The main concern of using ChatGPT in academic writing has been the unauthenticity (Cotton et al., 2023; Susnjak, 2023; Yeadon et al., 2023), but we believe that such tools will not increase the non-originality of the published content or students’ assignments. The detectors of AI-generated text are developing daily, and it is only a matter of time before highly reliable tools are available. While our findings suggest no immediate need for significant concern regarding the application of ChatGPT in students’ writing, it is crucial to acknowledge that this study’s design reflects real-life situations of using ChatGPT as a convenient and rapid solution to submit assignments, potentially at the expense of the overall quality of their work. This issue remains an important consideration when assessing the broader implications of our study.
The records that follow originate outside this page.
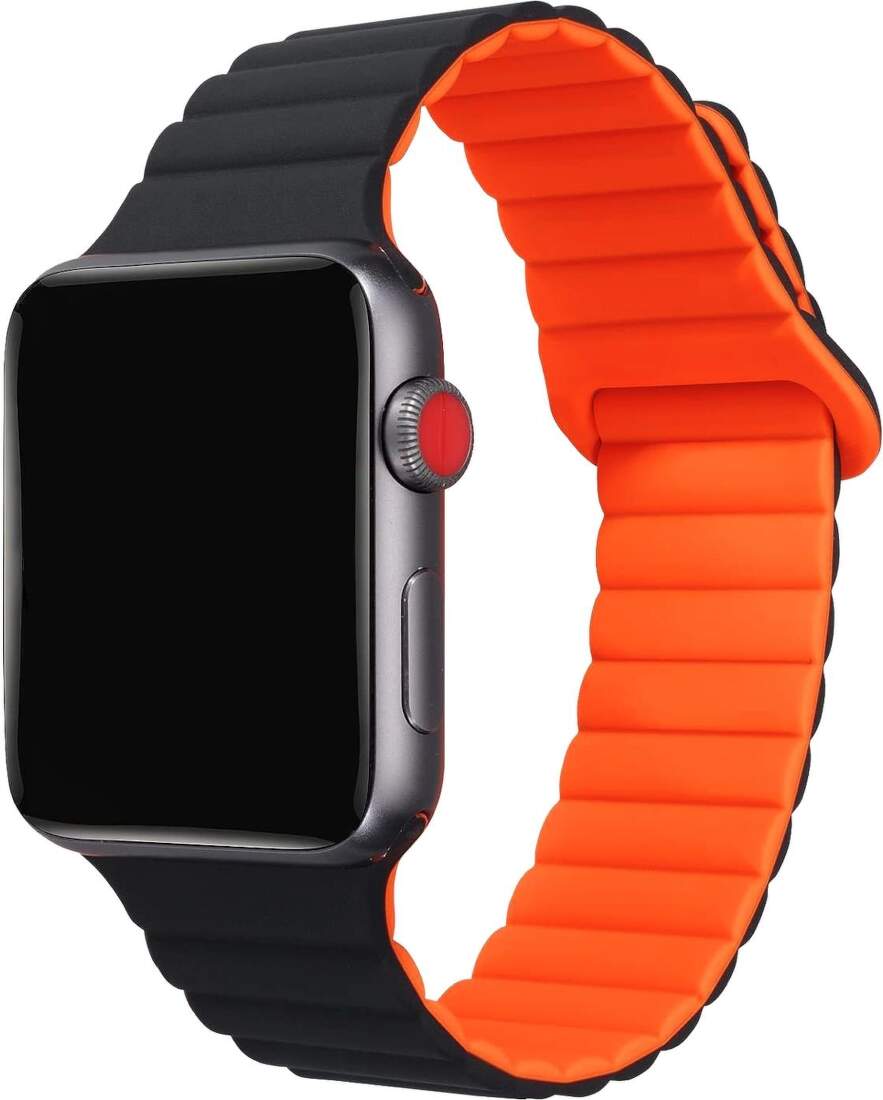 Remienok Celly magnetický remienok pre Apple Watch 42/44/45 mm čierno-oranžový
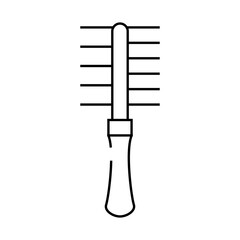 brush for clean cat wool line icon vector. brush for clean cat wool sign. isolated contour symbol black illustration
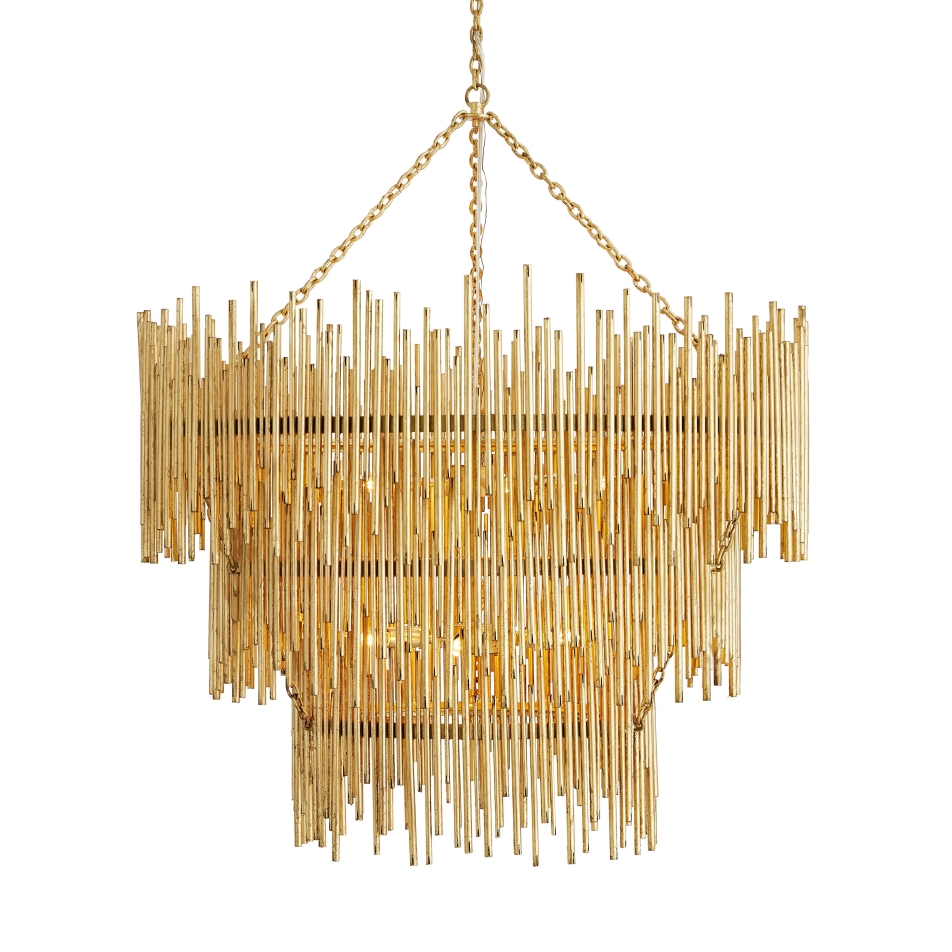 84033 - Prescott Three Tiered Chandelier - Gold Leaf, Iron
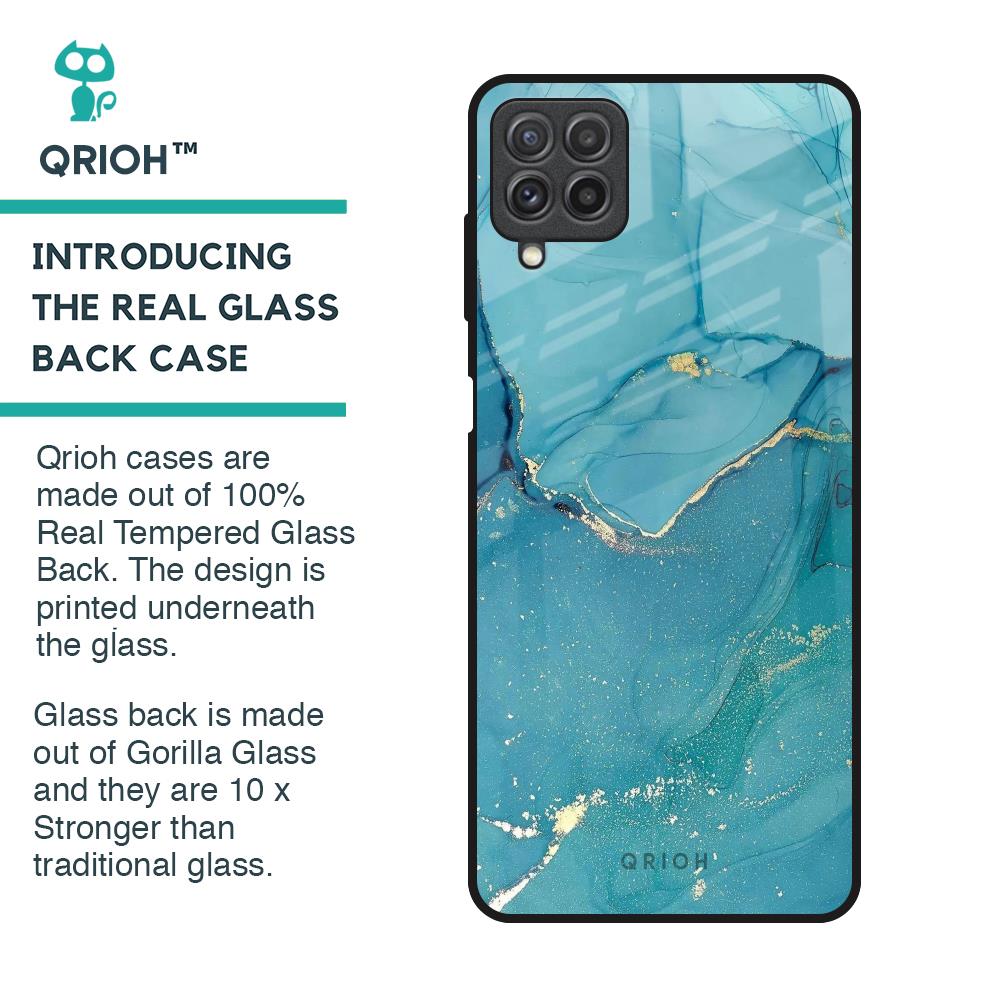 Blue Golden Glitter Glass Case for Samsung Galaxy A22
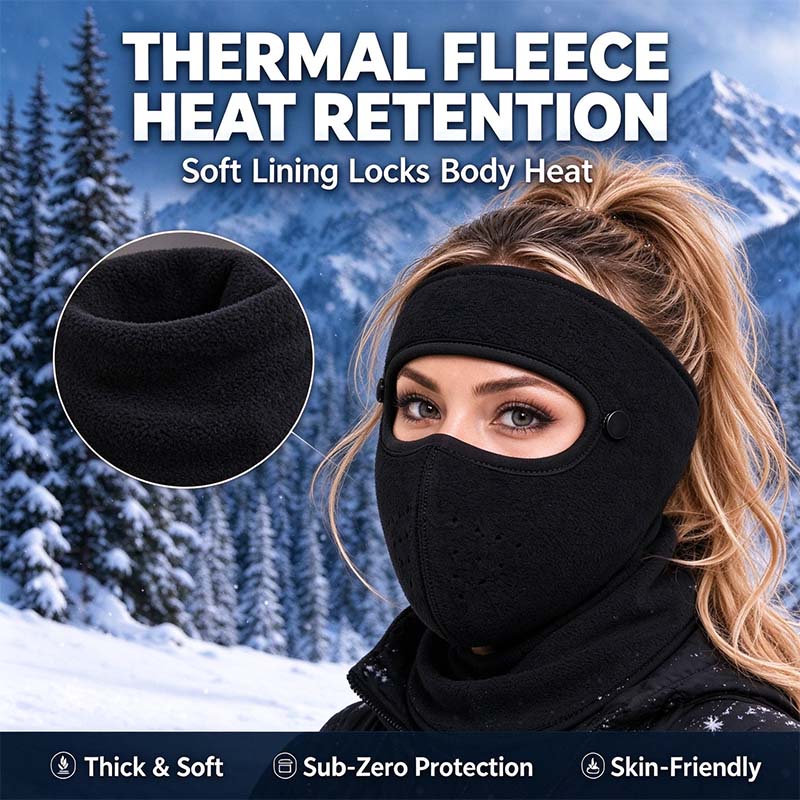 Winter face mask fleece lining close-up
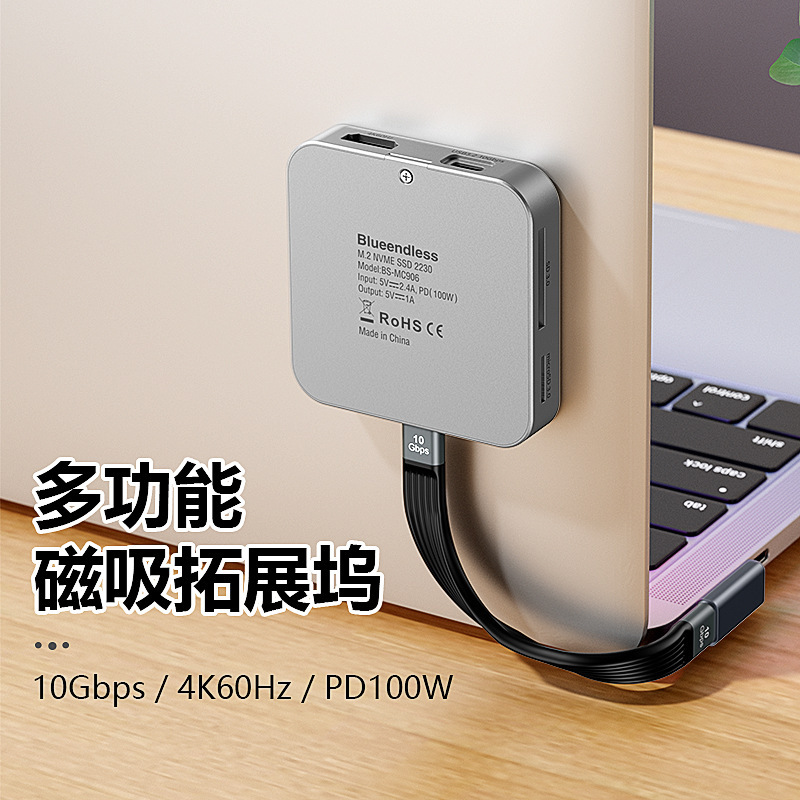 M.2 Magnetic Solid State Drive Box 2230Nvme Hard Drive Expansion Dock 4K High-Definition Sd Card Reader Usb3.2 Expander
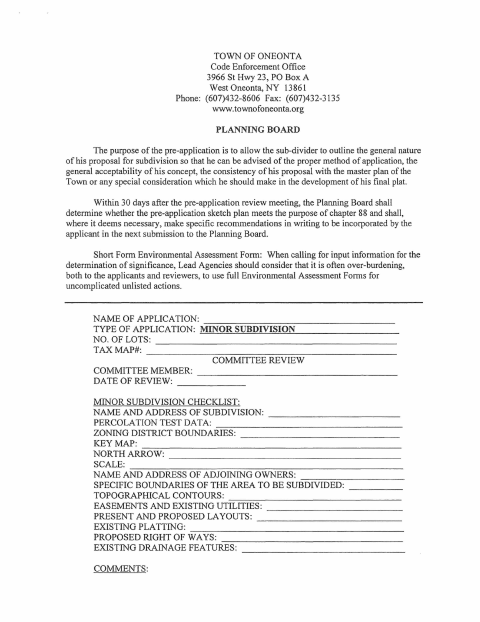 First page of the Subdivision Application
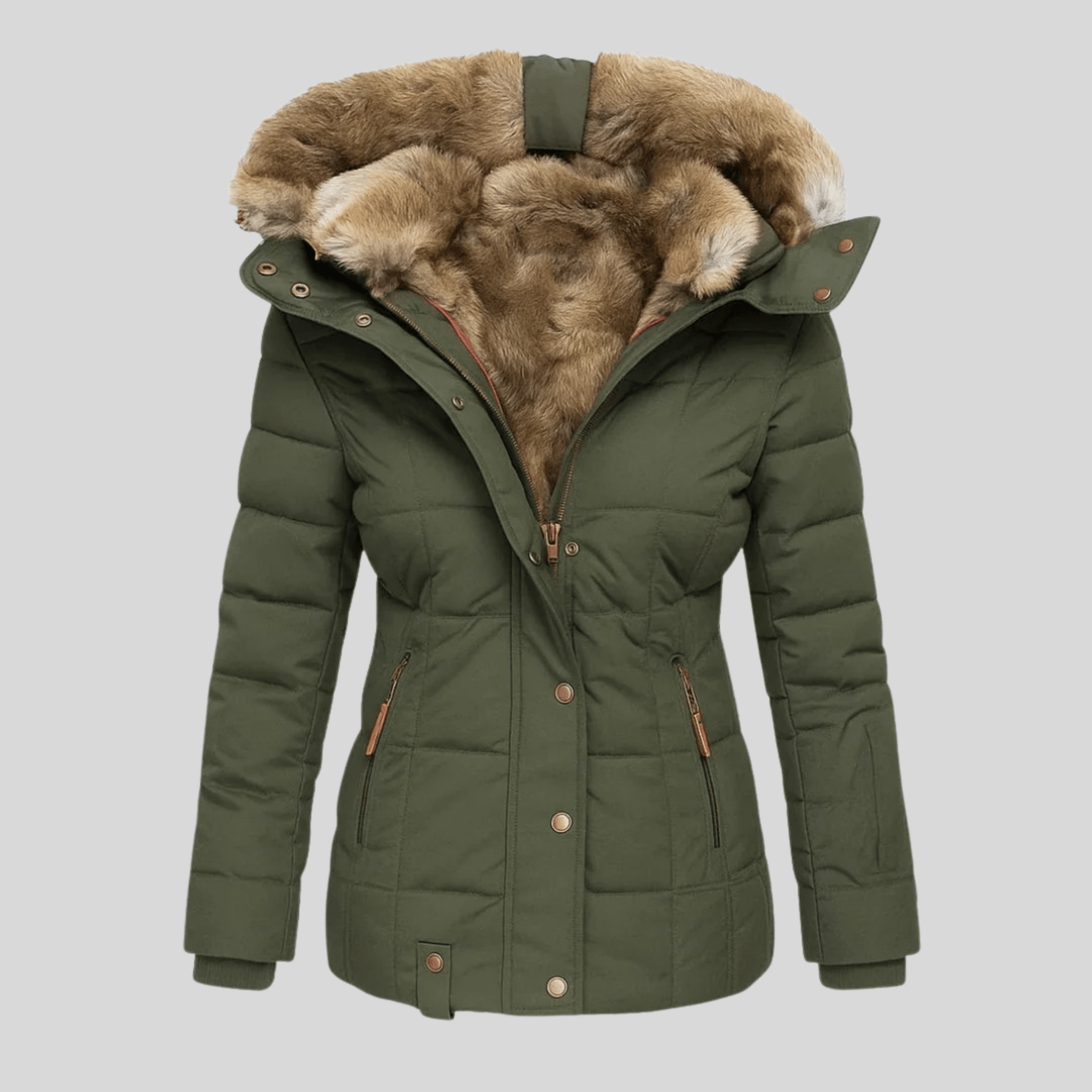 Rosalie | Manteau Chaud à Capuche Bordée de Fourrure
The main drawback of this study is the limited sample size (9 per group) which does not permit the generalization of the findings or a more comprehensive statistical approach. One of the limitations could also be language-specificity (students wrote in native, non-English language for their convenience), which disabled us from the full application of AI detection tools. We should also consider that ChatGPT is predominantly fed with English content, so we cannot exclude the possibility that writing in English could have generated higher-quality information. Lastly, this was our students’ first interaction with ChatGPT, so it is possible that lack of experience as well as inadequate training in using AI language models also affected their performance. Therefore, it is crucial to exercise caution when generalizing these findings, as they may not necessarily reflect the experiences of a broader range of ChatGPT users, who often report rapid draft generation. Future studies should therefore expand the sample size, number, and conditions of experiments, include students of different profiles, and extend the number of variables that could generally relate to writing skills. Also, it would be useful to conduct a study that would analyze the quality and depth of the students’ prompts to ChatGPT, as it seems that the question type and the feedback provided by the user could remarkably affect the final result (Farrokhnia et al., 2023).

However, the academia and media concern about this tool might be unjustified, as, in our example, the ChatGPT was found to perform similarly to any web-based search: the more you know—the more you will find. In some ways, instead of providing structure and facilitating writing, it could distract students and make them underperform.